When I finally began giving myself the opportunity to zoom out I began to gain a lot of compassion and I think that is the purpose of compassion: to understand the circumstances that created the things that feels most abhorrent to accept. Acceptance doesn’t mean rolling over and giving up, it just means we accept reality on realities terms, we feel the associated feelings involved, and then slowly work to change the circumstances as we are called to do so. It’s the difference between responding to reacting. Reactions are usually actions taken based on extreme hurt and unconscious pain and it rarely brings the positive changes we were hoping for. Responding is allowing ourselves to be healed, then to make decisions based on a clear sense of grounding and purpose. 

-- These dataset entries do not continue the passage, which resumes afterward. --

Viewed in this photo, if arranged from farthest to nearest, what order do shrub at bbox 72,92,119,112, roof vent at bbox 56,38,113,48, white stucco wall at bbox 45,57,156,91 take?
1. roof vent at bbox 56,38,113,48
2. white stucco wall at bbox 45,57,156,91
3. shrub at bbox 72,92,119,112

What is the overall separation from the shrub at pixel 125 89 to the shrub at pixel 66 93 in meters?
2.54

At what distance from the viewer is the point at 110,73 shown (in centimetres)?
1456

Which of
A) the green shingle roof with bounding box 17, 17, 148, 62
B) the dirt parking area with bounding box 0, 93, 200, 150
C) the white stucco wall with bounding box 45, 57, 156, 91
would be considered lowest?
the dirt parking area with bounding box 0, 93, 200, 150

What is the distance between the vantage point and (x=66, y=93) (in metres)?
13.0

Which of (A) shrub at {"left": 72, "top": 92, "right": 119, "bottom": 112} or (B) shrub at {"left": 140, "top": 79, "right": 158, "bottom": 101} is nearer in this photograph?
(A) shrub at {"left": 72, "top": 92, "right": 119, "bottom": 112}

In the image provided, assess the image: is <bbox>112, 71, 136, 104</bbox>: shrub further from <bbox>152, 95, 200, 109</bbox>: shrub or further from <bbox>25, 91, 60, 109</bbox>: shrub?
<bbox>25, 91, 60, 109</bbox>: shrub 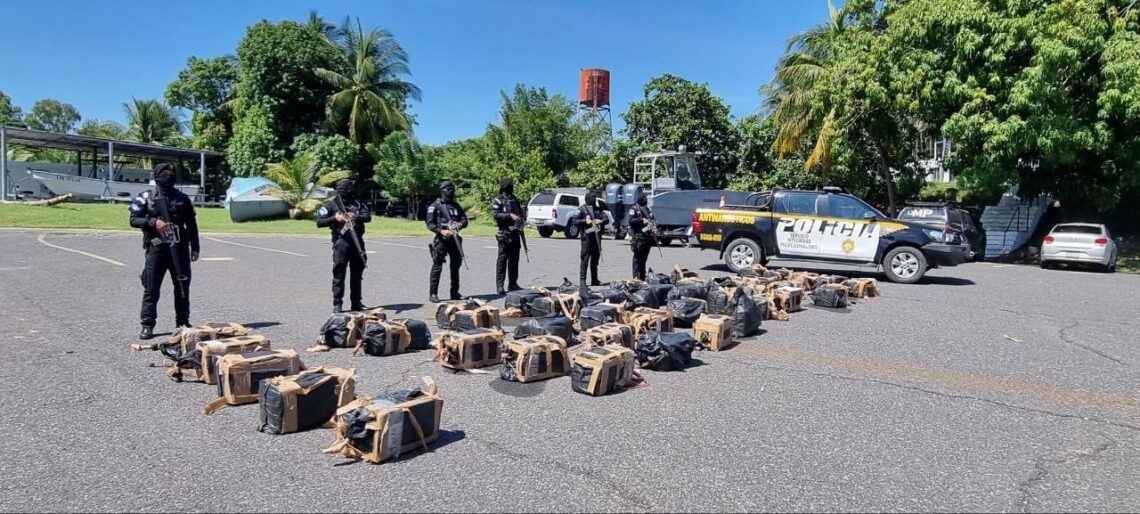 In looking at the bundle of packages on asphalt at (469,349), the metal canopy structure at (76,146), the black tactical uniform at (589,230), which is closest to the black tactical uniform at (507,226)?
the black tactical uniform at (589,230)

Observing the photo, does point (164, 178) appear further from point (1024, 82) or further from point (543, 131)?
point (543, 131)

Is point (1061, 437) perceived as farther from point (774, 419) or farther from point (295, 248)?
point (295, 248)

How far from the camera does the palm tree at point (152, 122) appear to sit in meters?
48.1

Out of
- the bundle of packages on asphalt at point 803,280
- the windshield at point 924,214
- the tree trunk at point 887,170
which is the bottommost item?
the bundle of packages on asphalt at point 803,280

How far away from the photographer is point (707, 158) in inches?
1244

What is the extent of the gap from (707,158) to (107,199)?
2773cm

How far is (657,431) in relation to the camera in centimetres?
449

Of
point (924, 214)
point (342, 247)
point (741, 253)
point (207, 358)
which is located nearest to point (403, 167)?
point (741, 253)

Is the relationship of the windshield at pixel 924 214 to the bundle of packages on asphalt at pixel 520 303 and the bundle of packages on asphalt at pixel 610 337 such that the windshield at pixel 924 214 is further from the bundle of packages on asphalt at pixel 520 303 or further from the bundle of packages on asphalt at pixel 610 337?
the bundle of packages on asphalt at pixel 610 337

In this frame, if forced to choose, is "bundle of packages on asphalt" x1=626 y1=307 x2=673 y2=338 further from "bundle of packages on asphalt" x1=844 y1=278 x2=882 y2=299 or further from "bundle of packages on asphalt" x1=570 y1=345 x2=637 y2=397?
"bundle of packages on asphalt" x1=844 y1=278 x2=882 y2=299

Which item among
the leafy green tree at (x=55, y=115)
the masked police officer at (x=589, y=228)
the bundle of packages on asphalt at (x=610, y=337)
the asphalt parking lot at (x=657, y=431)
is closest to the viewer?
the asphalt parking lot at (x=657, y=431)

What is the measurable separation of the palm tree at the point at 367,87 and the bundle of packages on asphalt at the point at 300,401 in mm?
34861

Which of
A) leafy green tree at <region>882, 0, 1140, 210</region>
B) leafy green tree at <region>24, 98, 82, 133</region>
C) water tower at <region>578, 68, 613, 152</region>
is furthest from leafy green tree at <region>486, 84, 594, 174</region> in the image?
leafy green tree at <region>24, 98, 82, 133</region>

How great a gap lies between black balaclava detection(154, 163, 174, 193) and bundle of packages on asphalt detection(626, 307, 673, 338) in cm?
501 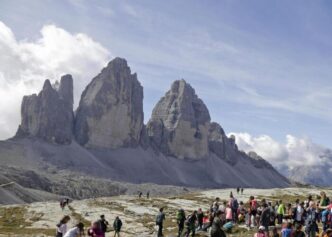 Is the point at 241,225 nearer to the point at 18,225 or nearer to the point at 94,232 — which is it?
the point at 94,232

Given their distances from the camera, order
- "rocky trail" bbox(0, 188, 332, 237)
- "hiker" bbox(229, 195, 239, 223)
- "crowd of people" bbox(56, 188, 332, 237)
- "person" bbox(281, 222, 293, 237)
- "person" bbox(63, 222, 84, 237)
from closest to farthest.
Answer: "person" bbox(63, 222, 84, 237) → "crowd of people" bbox(56, 188, 332, 237) → "person" bbox(281, 222, 293, 237) → "hiker" bbox(229, 195, 239, 223) → "rocky trail" bbox(0, 188, 332, 237)

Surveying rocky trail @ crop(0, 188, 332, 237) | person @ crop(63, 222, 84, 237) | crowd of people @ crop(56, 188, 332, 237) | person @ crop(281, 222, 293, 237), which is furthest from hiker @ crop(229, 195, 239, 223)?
person @ crop(63, 222, 84, 237)

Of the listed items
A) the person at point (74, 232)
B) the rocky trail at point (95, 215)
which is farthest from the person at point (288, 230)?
the rocky trail at point (95, 215)

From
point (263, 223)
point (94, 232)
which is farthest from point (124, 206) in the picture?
point (94, 232)

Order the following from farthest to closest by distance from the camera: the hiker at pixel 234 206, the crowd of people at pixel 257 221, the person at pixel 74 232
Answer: the hiker at pixel 234 206
the crowd of people at pixel 257 221
the person at pixel 74 232

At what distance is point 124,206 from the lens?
79.9 metres

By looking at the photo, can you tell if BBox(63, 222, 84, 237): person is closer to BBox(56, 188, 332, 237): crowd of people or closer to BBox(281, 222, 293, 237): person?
BBox(56, 188, 332, 237): crowd of people

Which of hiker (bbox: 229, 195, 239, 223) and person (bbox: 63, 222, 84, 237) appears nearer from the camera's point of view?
person (bbox: 63, 222, 84, 237)

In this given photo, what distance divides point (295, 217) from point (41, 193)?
163m

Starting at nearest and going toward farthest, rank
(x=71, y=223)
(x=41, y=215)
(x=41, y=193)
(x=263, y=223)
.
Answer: (x=263, y=223) → (x=71, y=223) → (x=41, y=215) → (x=41, y=193)

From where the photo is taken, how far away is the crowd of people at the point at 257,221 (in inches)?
962

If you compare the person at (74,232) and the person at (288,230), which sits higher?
the person at (288,230)

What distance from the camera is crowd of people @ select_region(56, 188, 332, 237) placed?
2444 cm

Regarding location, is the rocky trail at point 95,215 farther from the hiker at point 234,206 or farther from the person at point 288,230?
the person at point 288,230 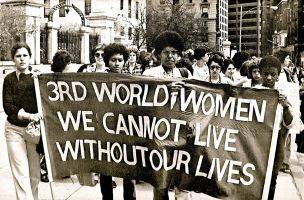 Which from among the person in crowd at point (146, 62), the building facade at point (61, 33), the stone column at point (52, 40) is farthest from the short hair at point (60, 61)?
the stone column at point (52, 40)

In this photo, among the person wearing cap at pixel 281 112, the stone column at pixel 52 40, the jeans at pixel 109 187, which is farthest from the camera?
the stone column at pixel 52 40

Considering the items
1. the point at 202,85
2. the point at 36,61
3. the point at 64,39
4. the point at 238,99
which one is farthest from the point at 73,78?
the point at 64,39

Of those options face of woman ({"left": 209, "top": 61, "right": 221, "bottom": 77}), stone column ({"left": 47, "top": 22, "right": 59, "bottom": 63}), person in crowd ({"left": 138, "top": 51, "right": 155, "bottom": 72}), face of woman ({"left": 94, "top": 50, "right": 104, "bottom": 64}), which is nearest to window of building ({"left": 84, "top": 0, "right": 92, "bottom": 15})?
stone column ({"left": 47, "top": 22, "right": 59, "bottom": 63})

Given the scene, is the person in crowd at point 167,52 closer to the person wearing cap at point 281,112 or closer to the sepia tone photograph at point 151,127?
the sepia tone photograph at point 151,127

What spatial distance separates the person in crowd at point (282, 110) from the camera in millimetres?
4742

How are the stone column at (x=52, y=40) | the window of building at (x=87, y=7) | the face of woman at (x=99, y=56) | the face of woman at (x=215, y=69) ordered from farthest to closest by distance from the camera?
1. the window of building at (x=87, y=7)
2. the stone column at (x=52, y=40)
3. the face of woman at (x=99, y=56)
4. the face of woman at (x=215, y=69)

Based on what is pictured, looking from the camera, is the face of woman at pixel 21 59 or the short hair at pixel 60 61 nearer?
the face of woman at pixel 21 59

To paraphrase Martha Beck, we need a soft revolution. I admit I’m not necessarily against the angry revolutionary killings of say, CEO’s of major healthcare industries, but I think the real revolution, the real change, the real liberation is going to come from impossibly small changes to our internal structures. It’s going to come from regrowing our mycelial threads to each other and the earth. It’s going to come from collective joy, preferable in the streets. It’s going to come from showing ourselves and retraining ourselves into community and interconnection. I really love goats and one of the things that I think is so special about them is that from one generation to the next they can go from wild to domesticated and back again, it’s just a matter of training them, or not training them when they are young. Luckily for humans we get to train our children different then we were trained, but we also get to retrain ourselves through tiny moments and movements in our nervous system. We can expand our awareness and remember we are not alone, that we are part of the sea of history that has shored up to this place-time. We can reach out for help when we feel like we are drowning and ask for a buoy. And above all, we can look for the places of safety, even the microscopic ones, and let that fill our bodies with peace and fortification so we can keep going till one day down the line our children will grow up knowing they belong, and that will be the real collective liberation, just knowing we belong.